The price of a stock generally represents investor expectations about the future profitability potential or future value of the company, and may also be influenced by general economic and market conditions. When buying stock, an investor is typically hoping that the perceived value of the company will rise, producing a capital gain when the shares are resold at a higher price.
A dividend is a payment distributed to shareholders from time to time and in amounts voted on by a company’s (or a mutual fund’s) board of directors. The dividend may be in cash, in more shares of the company’s stock, or in shares of another company it owns. Not all corporations pay dividends.

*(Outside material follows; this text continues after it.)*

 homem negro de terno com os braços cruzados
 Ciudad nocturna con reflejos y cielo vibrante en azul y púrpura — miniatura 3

There are many different types of stocks including Large Capitalization Stocks, Small Capitalization Stocks, International Stocks, Blue Chip Stocks, and Growth Stocks.

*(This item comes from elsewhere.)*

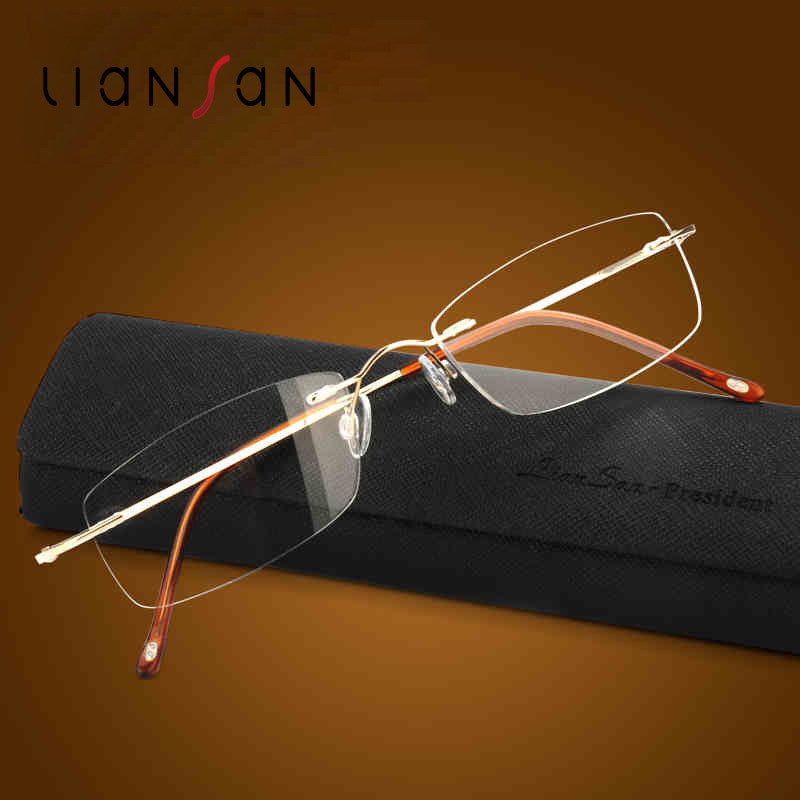 LianSanTitanium Portable Anti-fatigue Reading Glasses Frameless Resin Alloy Presbyopic Glass L8085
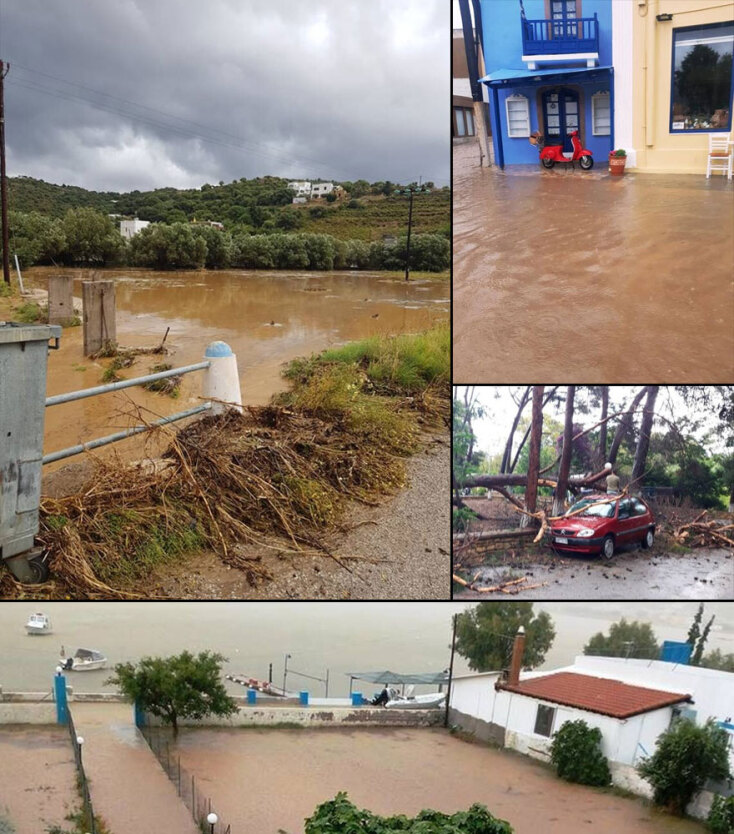 Καταστροφές από την κακοκαιρία στη Λέρο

Stocks are not FDIC-insured and involve risk, including possible loss of the amount invested.
Large Capitalization Stocks
These stocks include those of relatively large and established U.S. companies. These stocks are often found in such well-known indices as the S&P 500 or the Dow Jones Industrial Average. Like all stocks, Large-Cap Stocks fluctuate in value daily depending on what investors think of the economy and of the companies’ business prospects.

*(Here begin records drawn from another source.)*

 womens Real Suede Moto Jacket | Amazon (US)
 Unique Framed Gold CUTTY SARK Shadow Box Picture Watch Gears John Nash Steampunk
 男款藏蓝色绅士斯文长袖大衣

Small Capitalization Stocks
These stocks include those stocks of relatively small U.S. companies. These stocks are often found in such indices as the NASDAQ Composite or the Russell 2000 (though NASDAQ has many large-cap stocks, as well). Like all stocks, Small-Cap Stocks fluctuate in value daily depending on what investors think of the economy and of the companies’ business prospects.
Small-Cap Stocks tend to involve more risk than Large-Cap Stocks.
These are stocks of companies based outside the U.S. Like all stocks, International Stocks fluctuate in value daily depending on what investors think of various global economies and of the companies’ business prospects.
The stocks of most foreign companies that are traded in the U.S. markets are traded as American Depository Receipts (ADRS). Each ADR represents one or more shares of foreign stock or a fraction of the share. By owning an ADR, you have the right to obtain the foreign stock it represents. The price of an ADR corresponds to the price of the foreign stock in its home market, adjusted to the ratio of the ADRS to foreign company shares.
Blue Chip Stocks
These are common stocks of well known companies with histories of profit growth and dividend payment, as well as quality management, products, and services. Blue chip stocks are usually high-priced and low yielding. The term “blue-chip” comes from the game of poker in which the blue chip holds the highest value.
These are stocks of a company where the earnings and/or revenue are growing faster than its industry or overall market. That is, the stock is maintaining a faster-than-average growth. Such companies will most likely provide long-term growth of capital. Growth stocks may be more volatile than the market as a whole. Therefore, there may be times when growth stocks are doing well and times when they are not doing well. It is also important to note that a growth stock is not a growth stock forever.